• _What is expected_
Pictures aside, reproduce exactly and only the lines from the one containing "A gun fires from a ship at sea." through the end of the records.

• _Input for this task_
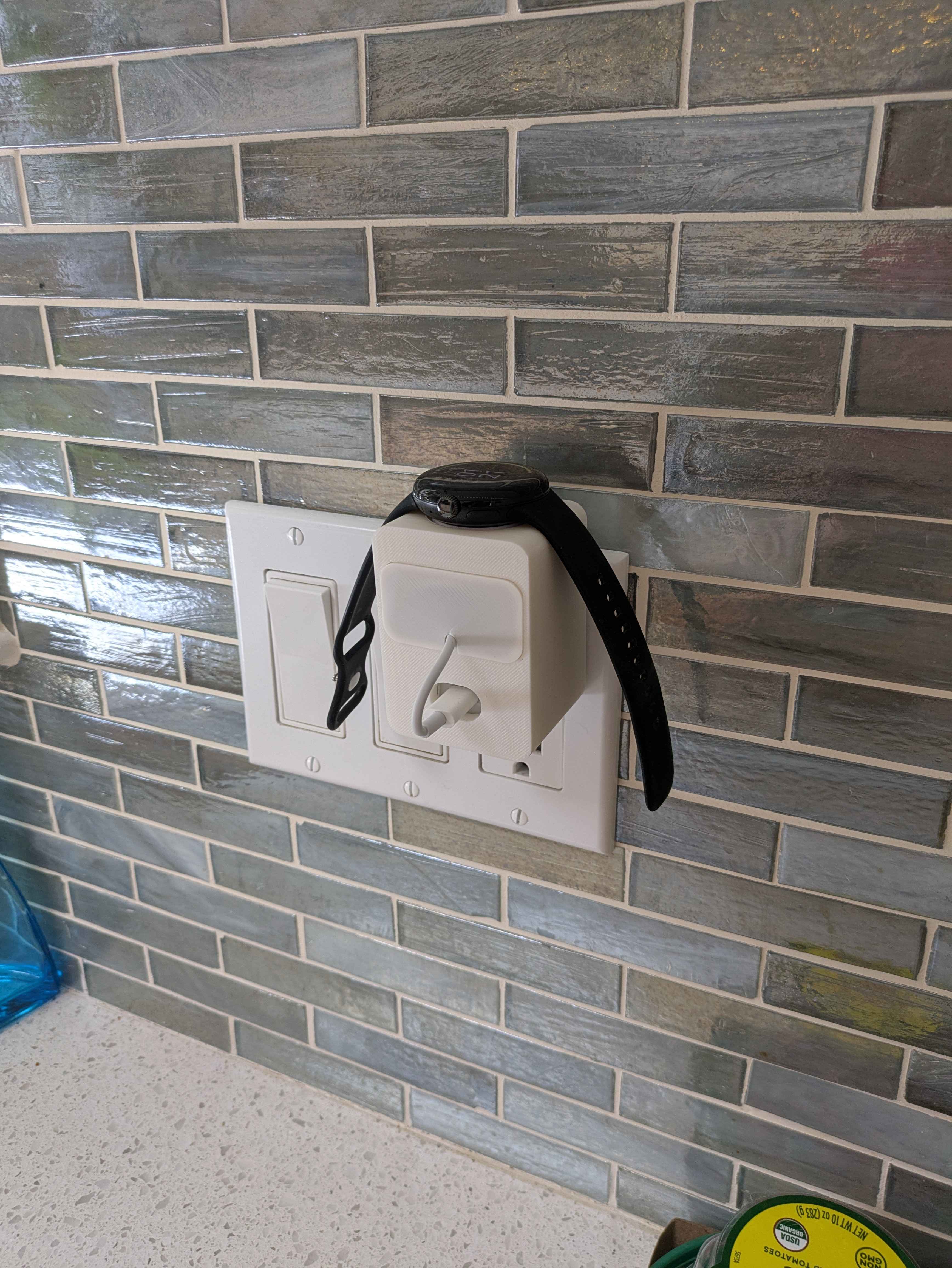 Sleek outlet-mounted Google Pixel Watch charger stand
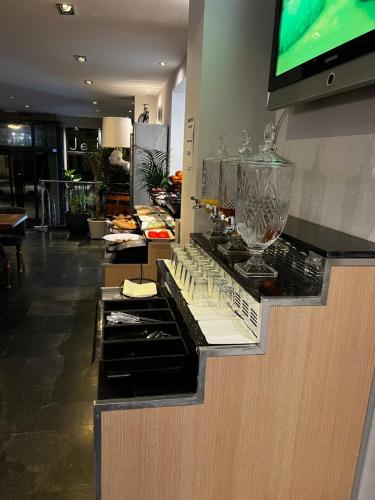 a kitchen with a counter with glasses on it at Hotel Aviation in Brussels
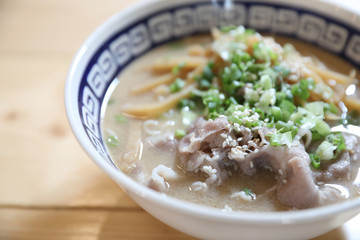 Ramen Japanese noodle soup food with noodle and pork on wooden table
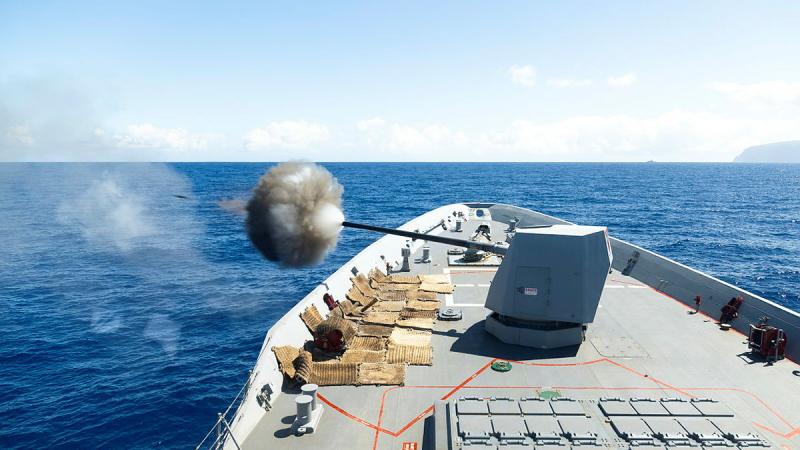 A gun fires from a ship at sea.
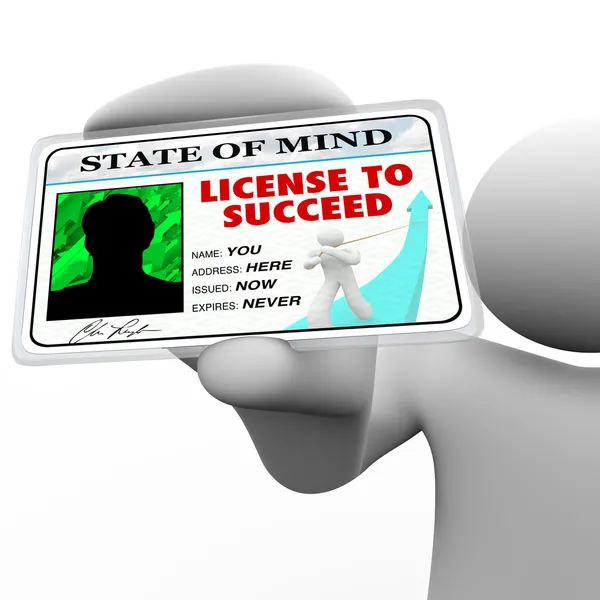 Ліцензія на успіх - Успішна людина тримає спеціальний знак — стокове фото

• _Exercise answer_
 A gun fires from a ship at sea.
 Ліцензія на успіх - Успішна людина тримає спеціальний знак — стокове фото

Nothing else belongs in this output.